The discussion was preceded by the trailer reveal of Leena’s upcoming project ‘House of Secrets: The Burari Deaths’, which examines the thrilling case of the death of 11 members of a Delhi family. Speaking on what drew her to shine a light on this particular case, Leena stated: “I wanted to know more, because I felt that whatever I was reading and whatever I had heard was just not enough and that’s what really drove me to tell this story.”
A prominent theme that was touched upon by Claire Cahill while working on ‘Crime Stories: India Detectives’ was gaining the complete trust of all the parties involved to make sure that the story is being portrayed accurately. The arduous effort that goes on behind the screens to cover all the bases is what makes a documentary truly successful.
Dylan Mohan Gray who was behind the chronicling of the life of Vijay Mallya in the first episode of ‘Bad Boy Billionaires: India’ shared his thoughts on the process that goes into covering such a flamboyant individual. He said: “One thing I’ve noticed is that by giving someone a chance to speak, a lot of people feel you’re endorsing them. But you’re not, you’re just allowing them to tell their truths which you may or may not agree with.”

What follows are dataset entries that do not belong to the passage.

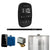 Mr. Steam BFL ButlerFlex Steam Shower Control Package with TempoFlex Control and Linear Steamhead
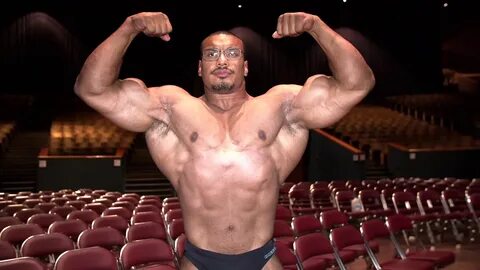 Larry wheels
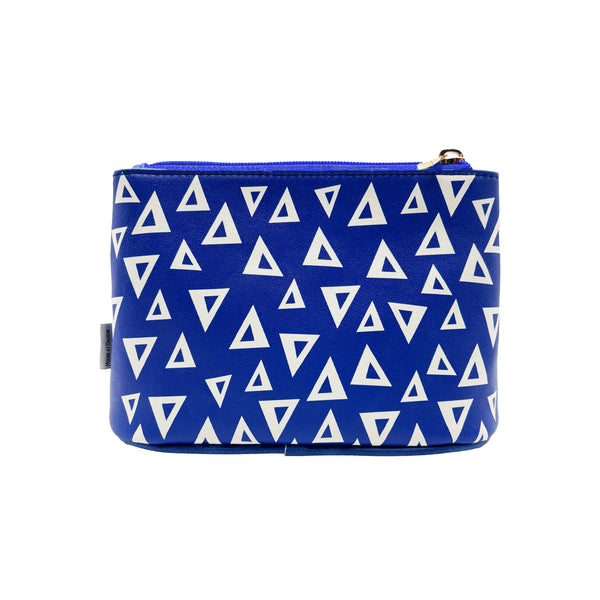 Small Talk 'Same Shit' Make Up Bag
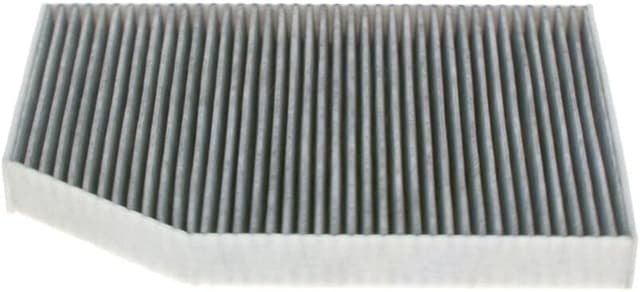 Detalle de Bosch R5604 filtre d’habitacle à charbon actif (anti-odeurs, pollen et poussières)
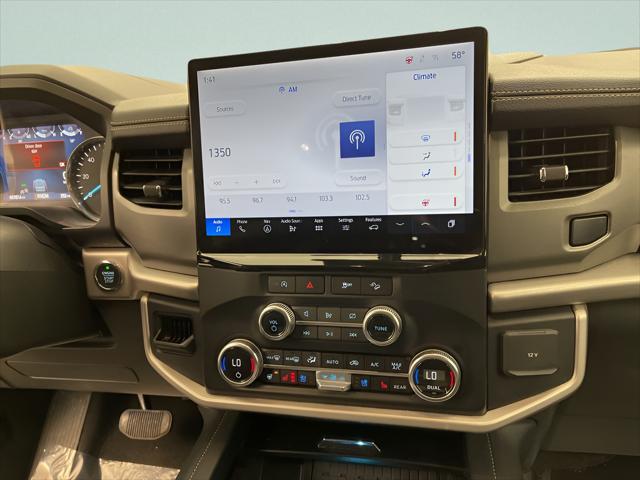 2024 Ford Expedition XLT MAX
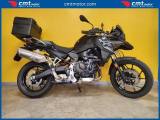 BMW F 800 GS Garantita e Finanziabile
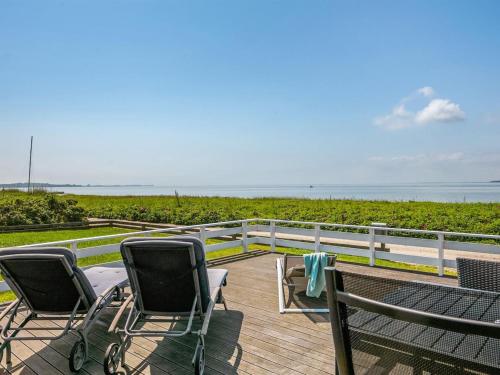  Holiday Home Arnwith - 20m from the sea in Funen by Interhome, Pension in Assens bei Føns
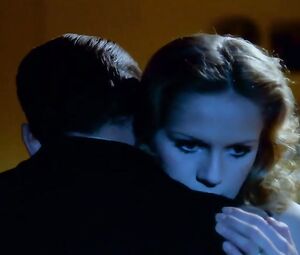 Naked Dominique Sanda and Stefania Sandrelli – Il conformista (1970)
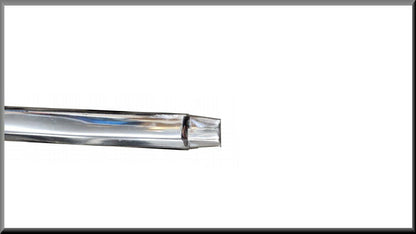 Achterklep lijst – Renault 12 – OEM 7700588919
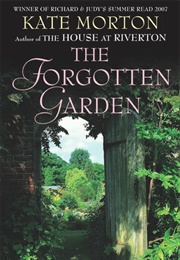 The Forgotten Garden (Morton, Kate)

Tanya Bami discussed the growing popularity of documentaries and unscripted content in India over the last 2-3 years. She also stated: “There is a lot of promise. It’s not about the genre, It’s about a story well told, a story that resonates, a story that tells the truth and how it all comes together to connect with people and then it doesn’t matter whether it’s a documentary or not.”
The success of documentaries like ‘Wild Wild Country’ in India took the executives at Netflix by surprise and opened their eyes towards a previously untapped market to produce more projects in the future.